Problem description | Print the data exactly. Omit the pictures.

Given information |
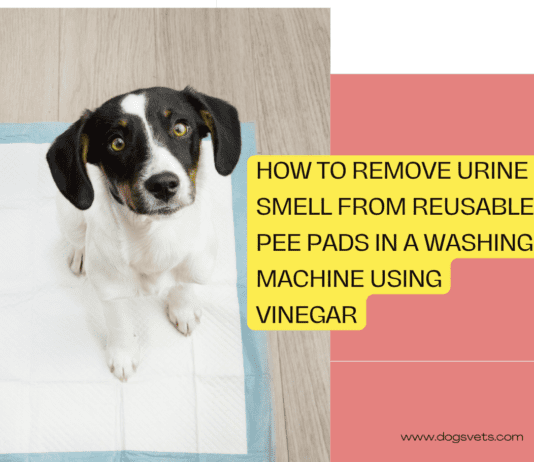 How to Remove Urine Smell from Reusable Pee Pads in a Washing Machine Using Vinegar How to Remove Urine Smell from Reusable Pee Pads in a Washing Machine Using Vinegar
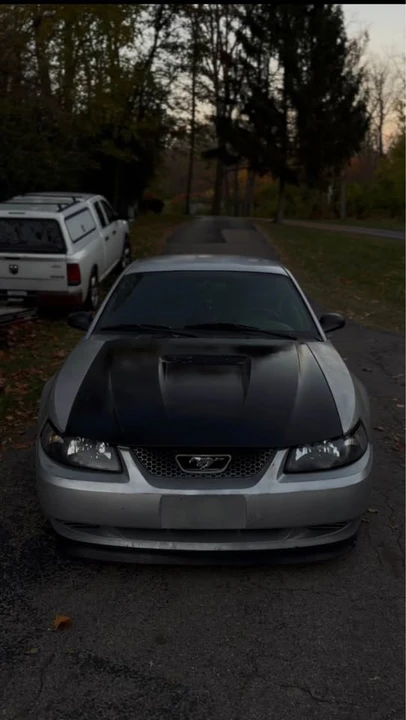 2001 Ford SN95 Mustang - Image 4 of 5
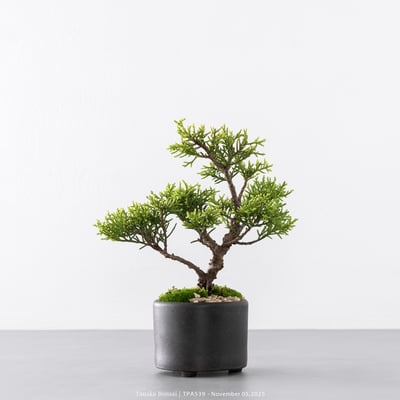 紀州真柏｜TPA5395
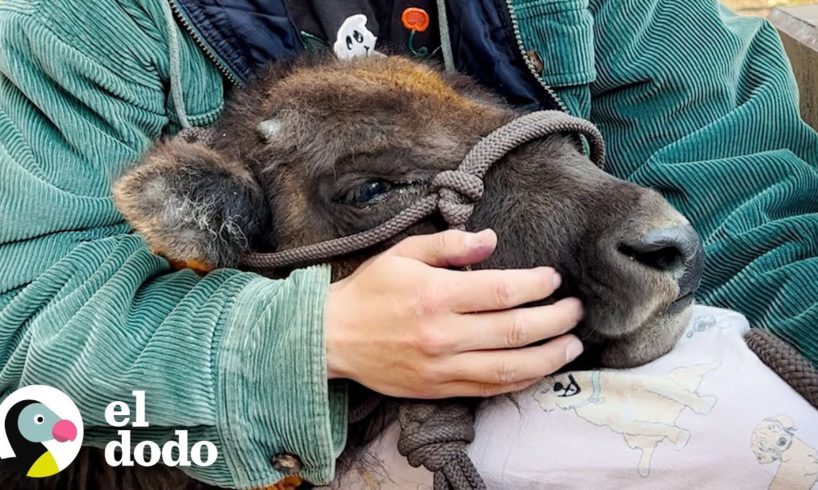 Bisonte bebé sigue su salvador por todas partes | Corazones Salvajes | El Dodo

Written response |
 How to Remove Urine Smell from Reusable Pee Pads in a Washing Machine Using Vinegar How to Remove Urine Smell from Reusable Pee Pads in a Washing Machine Using Vinegar
 2001 Ford SN95 Mustang - Image 4 of 5
 紀州真柏｜TPA5395
 Bisonte bebé sigue su salvador por todas partes | Corazones Salvajes | El Dodo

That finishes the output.